• Exercise directions:
What's wanted here is the full listing below, repeated exactly, with no images in it.

• Data:
------------------------------------
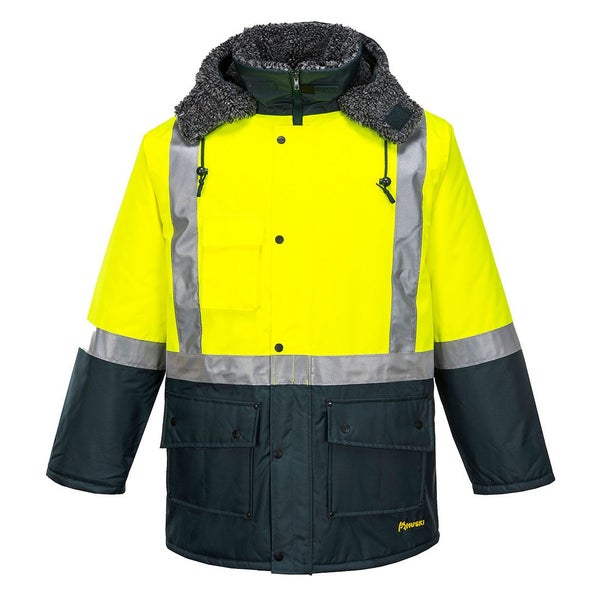 Portwest Huski Hi Vis Freezer Jacket - Yellow/Green or Yellow/Navy - S to 5XL Carousel 2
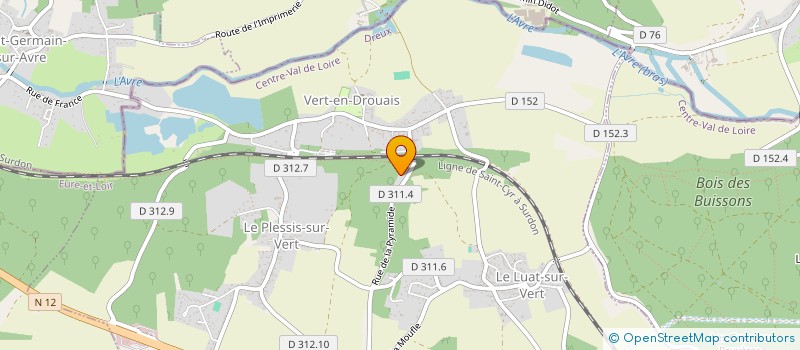 localisation de l'entreprise SCI LE BOSC à LOUVILLIERS-EN-DROUAIS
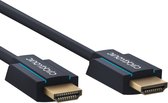 ClickTronic 70308, 12,5 m, HDMI Type A (Standard), HDMI Type A (Standard), 3840 x 2160 pixels, Compatibilité 3D, Bleu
------------------------------------
• Task output:
 Portwest Huski Hi Vis Freezer Jacket - Yellow/Green or Yellow/Navy - S to 5XL Carousel 2
 localisation de l'entreprise SCI LE BOSC à LOUVILLIERS-EN-DROUAIS
 ClickTronic 70308, 12,5 m, HDMI Type A (Standard), HDMI Type A (Standard), 3840 x 2160 pixels, Compatibilité 3D, Bleu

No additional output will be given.